NIPS 2017
Mon Dec 4th through Sat the 9th, 2017 at Long Beach Convention Center
Paper ID:1560
Title:#Exploration: A Study of Count-Based Exploration for Deep Reinforcement Learning

Reviewer 1

This paper is already available on arxiv and cited 10 times. It is a very good paper introducing a new approach to count-based exploration in deep reinforcement learning based on using binary hashcodes. The approach is interesting, the presentation is didactical, the results are good and the related literature is well covered. I learned a lot from reading this paper, so my only criticisms are on secondary aspects. I have few global points: - I think it would be interesting to first train the convolutional autoencoder, and only then use your exploration method to compare its performance to state-of-the-art methods.

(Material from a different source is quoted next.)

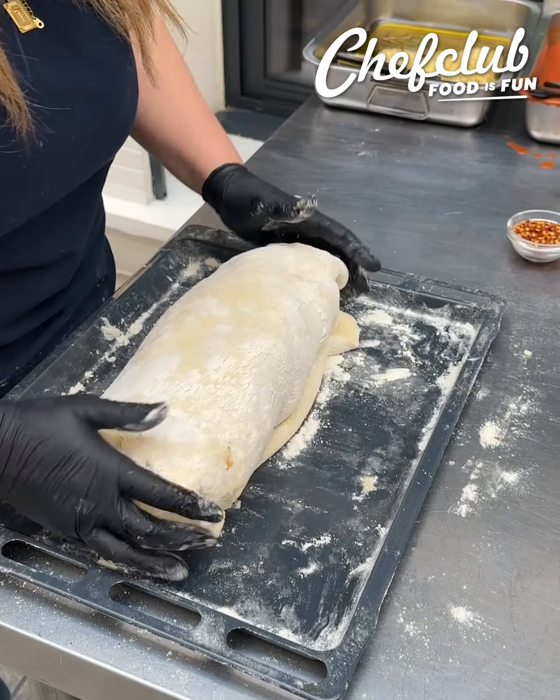Let's hit the top of it with a little extra garlic oil here. I love making this garlic oil and just keeping it in the fridge, then heating it up whenever you need to use it. And then let's just throw a little bit of fresh oregano across the top here.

This would allow for a more detailed analysis by disentangling the factors of potential inefficiency. - I would put the "related work" section more forward in the paper, as the presentation of the methods would benefit from the points made in the first paragraph of related work and in the comparison with [4]. As a reader, I found that these points were important and arriving too late. - Maybe section 5.4 of supplementary material should move into the main paper, and I don't share your main conclusion about it: If you look closely at Table 6, using n(s,a) is most often better than using n(s). To me, prefering n(s) to n(s,a) based just on the max in your table is inadequate, because maybe with an "optimized" (k,\beta) pair, you will find that using n(s,a) is better... More local points: line 41: "However, we have not seen a very simple and fast method that can work across different "domains." How do you disqualify VIME here? line 113: "An alternative method must be used to ensure that distinct states are mapped to distinct binary codes." Maybe the writing could be more direc there, presenting directly the appropriate approach. Fig5: despite magnifying the picture several times, I cannot see the baseline. Didn't you forget it? Footnote 4: the statement is weak. You should give reference to the state-of-the-art performance papers. In the supplementary part: Section 1 would benefit from a big table giving all params and their values. Beyond you, it would be nice if the community could move towards such better practices. As is, Section 1 is hardly readable and it is very difficult to check if everything is given. Section 3: why do you show these images? Do you have a message about them? Either say something of interest about them, or remove them! line 136: can (be) obtained (this was the only typo I could find, congratulations! ;))

Reviewer 2

This paper presents a novel way of doing state-visit counts for exploration in deep RL. They discretize the state space with a hash function and count visits per discretized state in the hash table. Exploration reward bonuses are given based on these visit counts. The authors present three different ways of doing the hashing. The first is to use a method from the literature called SimHash, based on Locality Sensitive Hashing. The second approach is to train an autoencoder on states with a binary code layer in the middle. This binary code layer is then used as the input to the SimHash function. Finally, they use hand-crafted features from Atari (BASS) and pass these through to SimHash. The results are mixed. On continuous control tasks, they perform better than VIME on 2/4 tasks and worse than it on 2/4 tasks, using the SimHash approach. On Atari, they get the best results with the auto-encoder version on 2/6 games. In the comparison with ref 4, the authors say that approach requires designing and learning a good density model while there's only uses simple hash functions. This comparison does not seem quite fair, the author's approach that compares best to ref 4 requires designing and learning an auto-encoder to get the binary state code. The idea of discretizing continuous state into a hash table to track visit counts for exploration is a good one. However, it would be nice if there was some single approach that worked across the set of domains instead of 3 different ways of calculating visit counts. The results are also not clearly better than other approaches for doing exploration reward bonuses. Thanks for your feedback and clarifications that even your pixel based version of SimHash is performing better than state-of-the-art approaches.

Reviewer 3

Summary: This paper combines count based exploration with hashing in order to deal with large and continuous state spaces. Two different types of hashing are examined. Static hashing, and learned hashing using autoencoders. As is shown in the experimental results section, this approach leads to state-off the art performance in 2 out of the 6 tested Atari 2600 video games, and competitive performance on 1 more. Quality: There are a number of areas where this paper could improve on: - The fact that the performance of the proposed approach is more than an order of magnitude worse than the state of the art in Montezuma, and significantly worse than the state of the art in 2 more domains should not be glossed over. A discussion on the reasons that this is the case should be included in the final version of the paper. - The experiments in figures 3 and 4 were only repeated over 3-5 random seeds. This is far from enough to obtain statistically significant results. - Over how many random seeds were the experiments in table 1 that are not part of figure 4 repeated? Clarity: Overall this paper is well written and easy to understand. One thing that struck me as strange is that according to the supplementary material making the exploration bonus depend on state-actions rather than just states does not lead to better performance. It would be nice to see a discussion about why this may be the case in the main body of the paper. Originality: As far as I can tell the approach presented in this paper is original. Significance: This paper presents a significant step forward in bridging the gap between theory and practice in reinforcement learning. I expect the results presented to serve as a building block for followup work.